--- Provided information Enclosed Below ---

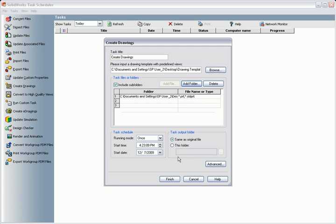In the task schedule box, I have a few options controlling when I'd like this task to occur. I only want one copy of each drawing, so I'll have the task scheduler perform this task once. I'd like it to run today, and I'll set the time for sometime later this evening.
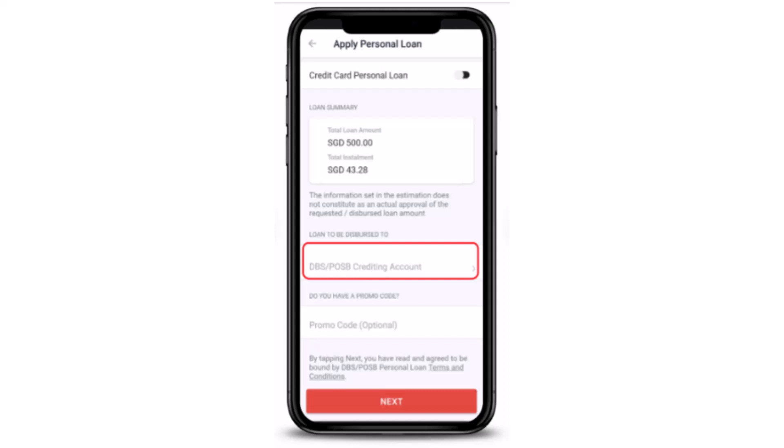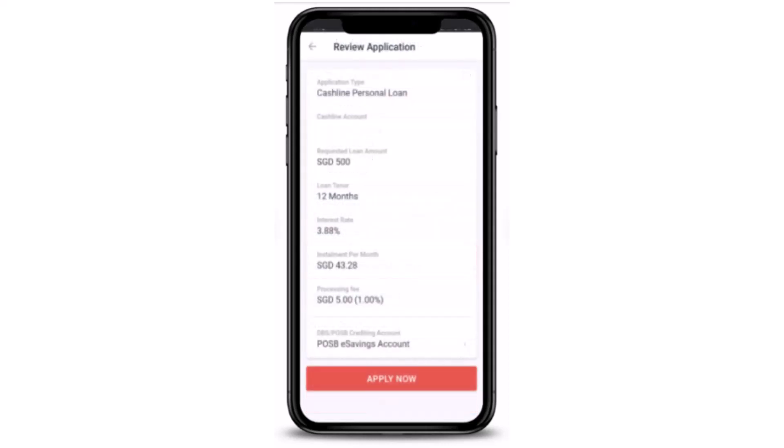Once you're done selecting, tap on 'Next' at the bottom. On the last screen, you'll have to review all of your application details. Once you're done confirming, tap on 'Apply Now' at the bottom to submit your application request. Now all you have to do is wait patiently until you are notified.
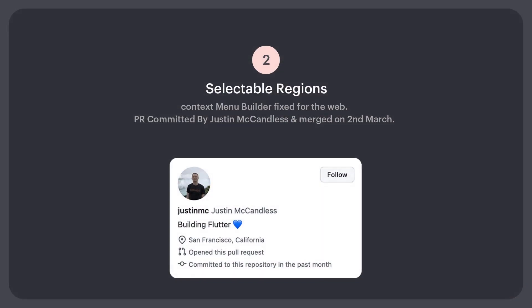Number 2: Selectable regions context menu builder fixed for the web. PR committed by Justin McCandles and merged on 2nd March.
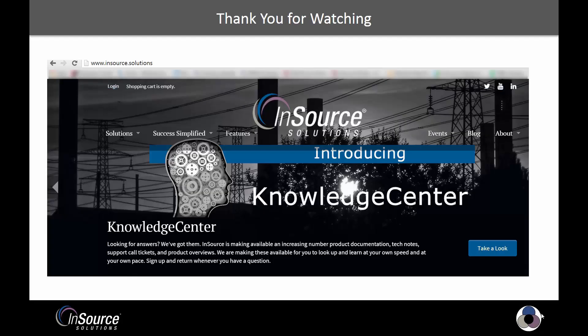Thank you very much for watching this video on InTouch tag counts. Hopefully this video helped answer some questions on how can I find out how many tags are currently in my InTouch application and have I exceeded the initial tag count that was purchased for my InTouch application.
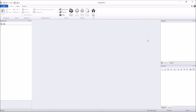Hey everybody, Nick Dingle here again for another Construct 2 tutorial. I thought it's about time that I did another one for you guys. However, I'm going to disappoint some people because it's not going to be a full-on project like the last Super Mario Bros. series. What I'd really like to focus on is just simple gameplay mechanics that people are going to be able to apply to many different projects.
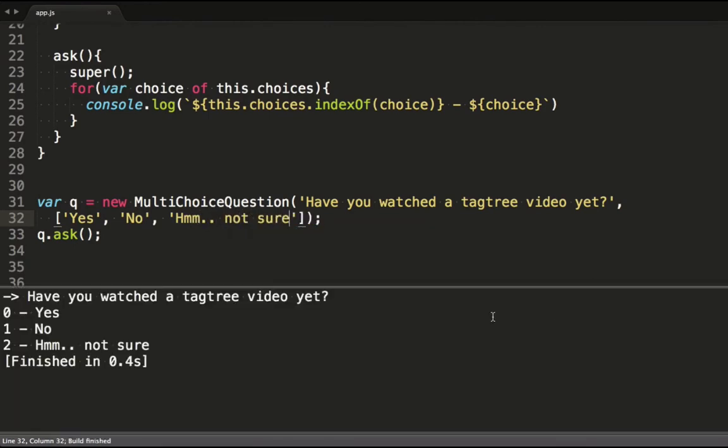Nice. You can see it reused the functionality it borrowed from the super class without any weird code required.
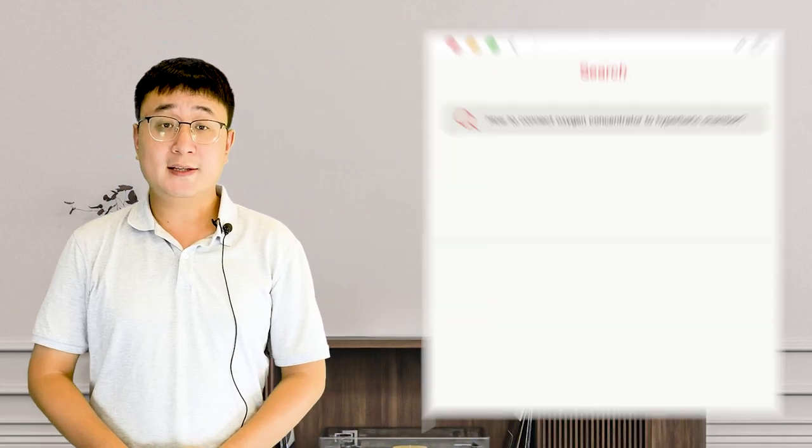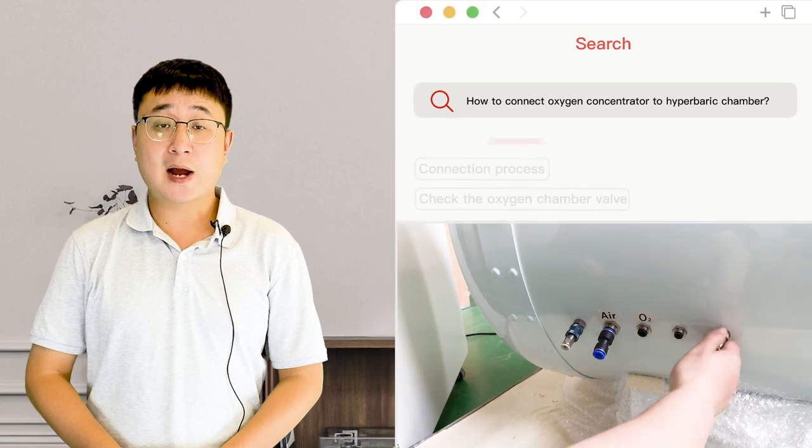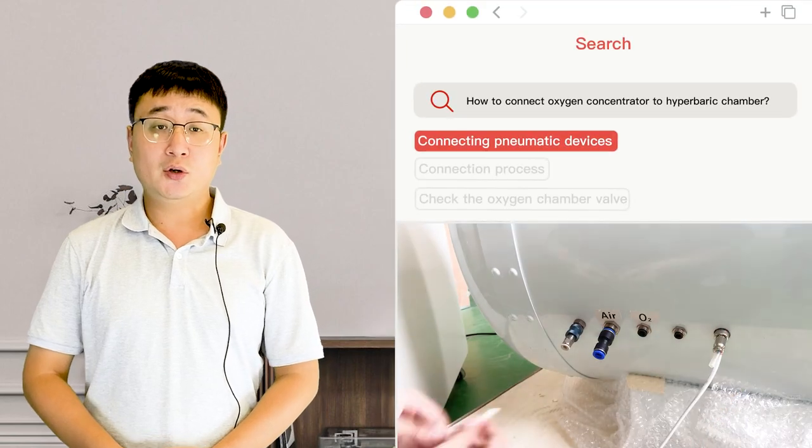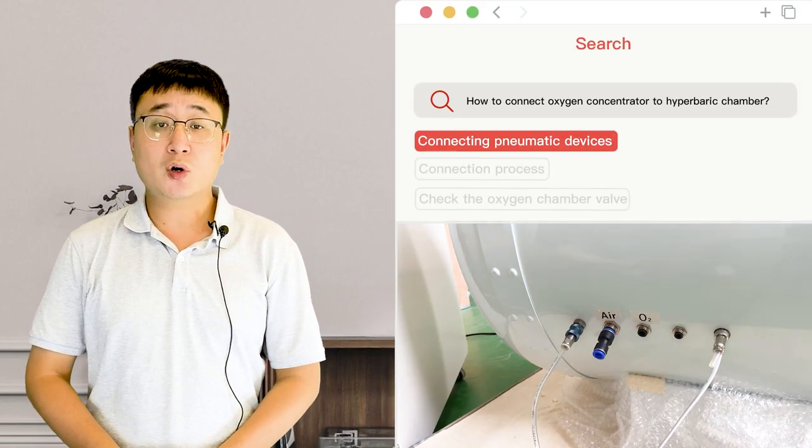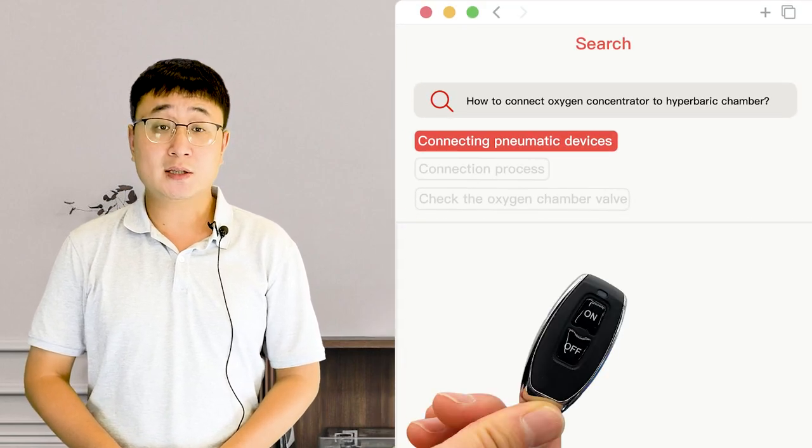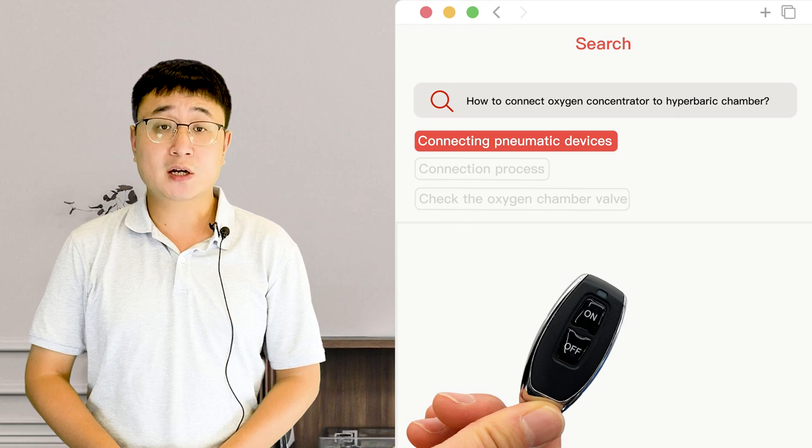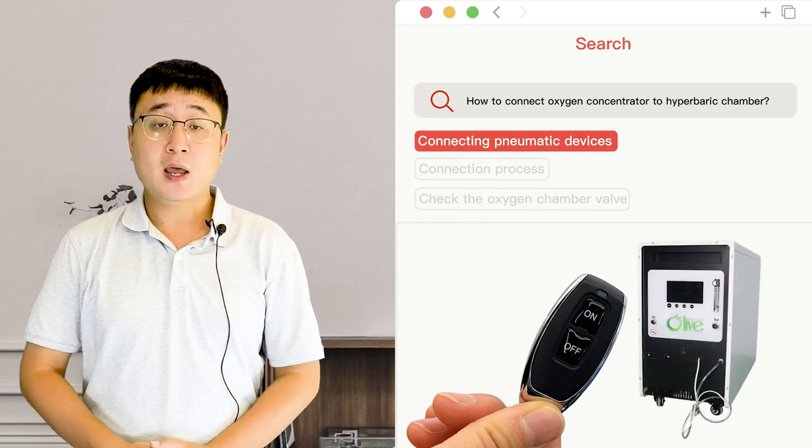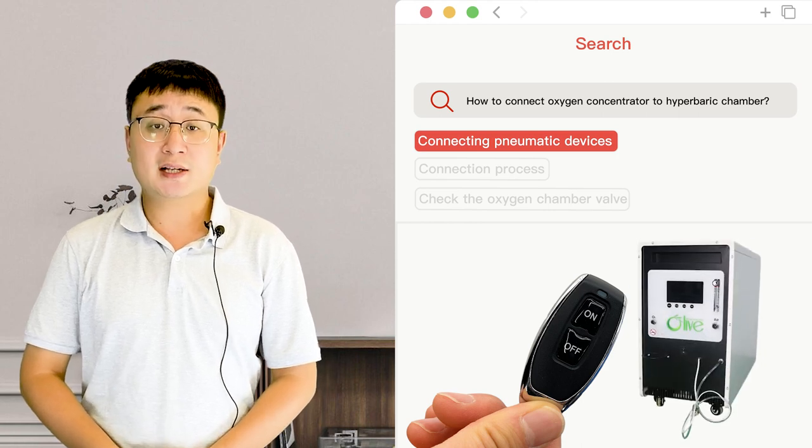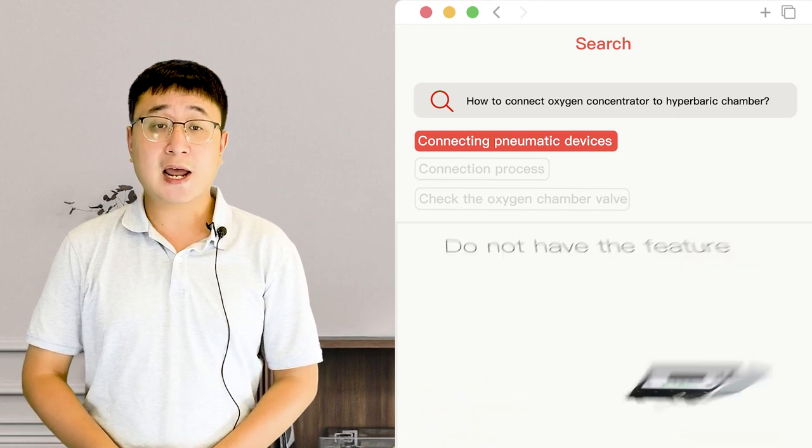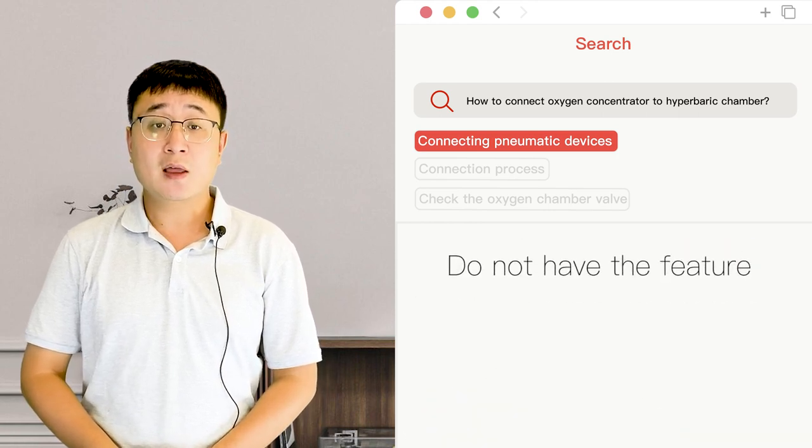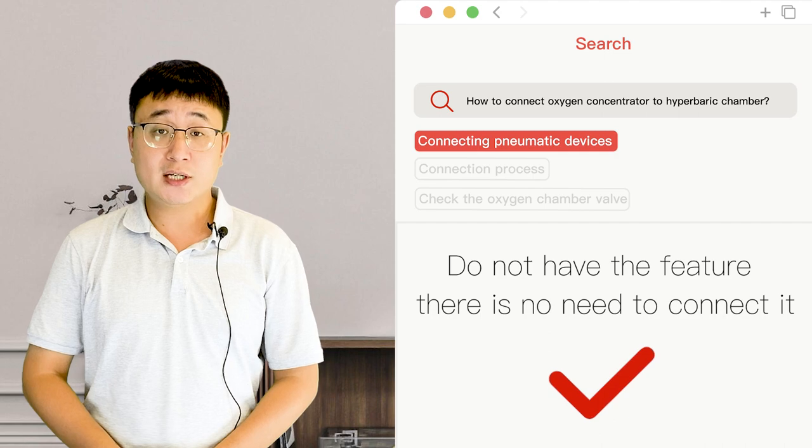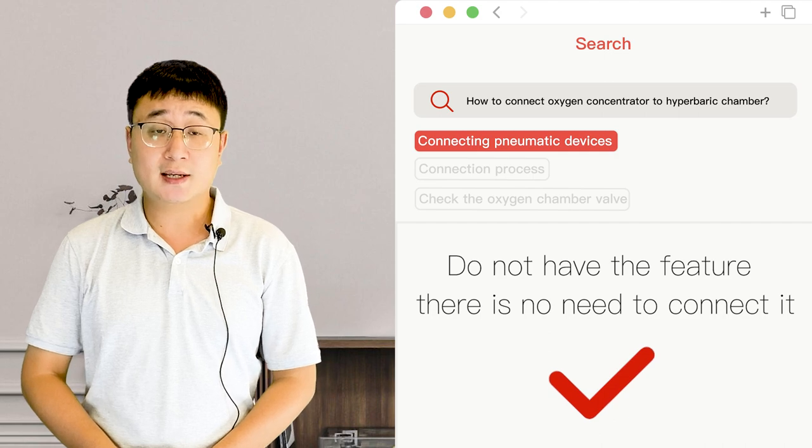Connect pneumatic devices to use a remote control to control the operation of the oxygen concentrator. If your product does not have this feature, there is no need to connect it.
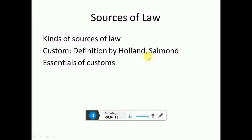The definitions from Holland and Salman are the most commonly examined. I don't say the rest are not important, but looking at the majority of exam questions, Holland and Salman's definitions are what gets asked. After the definitions, the essentials of customs is a very important part — not just for Jurisprudence but also for International Law. There are five to six essentials, including antiquity, reasonableness, and longevity. You must learn the exact terms and their meanings.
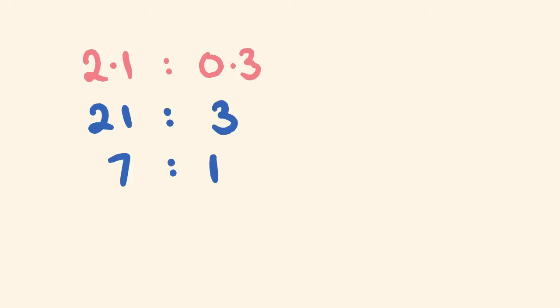So this is the way that you simplify ratios. Fairly simple. I hope to see you next time. Thank you for watching. Bye.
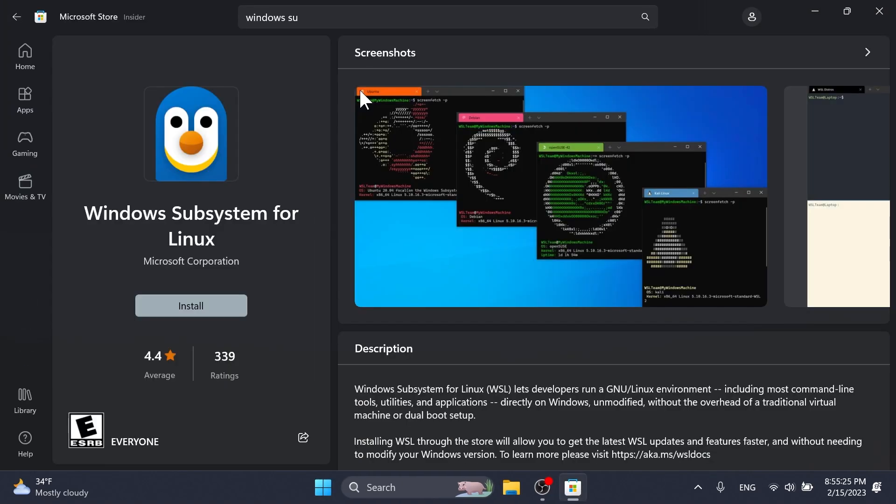Also, Microsoft improved the upgrade experience to the new Windows Subsystem for Linux store app mentioned in build 25272, so it now prompts for installation if wsl.exe is invoked.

--- End of Enclosed Provided information ---

### Assigned task
No pictures belong in the copy. Transcribe every entry exactly.

### Completed exercise
In the task schedule box, I have a few options controlling when I'd like this task to occur. I only want one copy of each drawing, so I'll have the task scheduler perform this task once. I'd like it to run today, and I'll set the time for sometime later this evening.
Once you're done selecting, tap on 'Next' at the bottom. On the last screen, you'll have to review all of your application details. Once you're done confirming, tap on 'Apply Now' at the bottom to submit your application request. Now all you have to do is wait patiently until you are notified.
Number 2: Selectable regions context menu builder fixed for the web. PR committed by Justin McCandles and merged on 2nd March.
Thank you very much for watching this video on InTouch tag counts. Hopefully this video helped answer some questions on how can I find out how many tags are currently in my InTouch application and have I exceeded the initial tag count that was purchased for my InTouch application.
Hey everybody, Nick Dingle here again for another Construct 2 tutorial. I thought it's about time that I did another one for you guys. However, I'm going to disappoint some people because it's not going to be a full-on project like the last Super Mario Bros. series. What I'd really like to focus on is just simple gameplay mechanics that people are going to be able to apply to many different projects.
Nice. You can see it reused the functionality it borrowed from the super class without any weird code required.
Connect pneumatic devices to use a remote control to control the operation of the oxygen concentrator. If your product does not have this feature, there is no need to connect it.
The definitions from Holland and Salman are the most commonly examined. I don't say the rest are not important, but looking at the majority of exam questions, Holland and Salman's definitions are what gets asked. After the definitions, the essentials of customs is a very important part — not just for Jurisprudence but also for International Law. There are five to six essentials, including antiquity, reasonableness, and longevity. You must learn the exact terms and their meanings.
So this is the way that you simplify ratios. Fairly simple. I hope to see you next time. Thank you for watching. Bye.
Also, Microsoft improved the upgrade experience to the new Windows Subsystem for Linux store app mentioned in build 25272, so it now prompts for installation if wsl.exe is invoked.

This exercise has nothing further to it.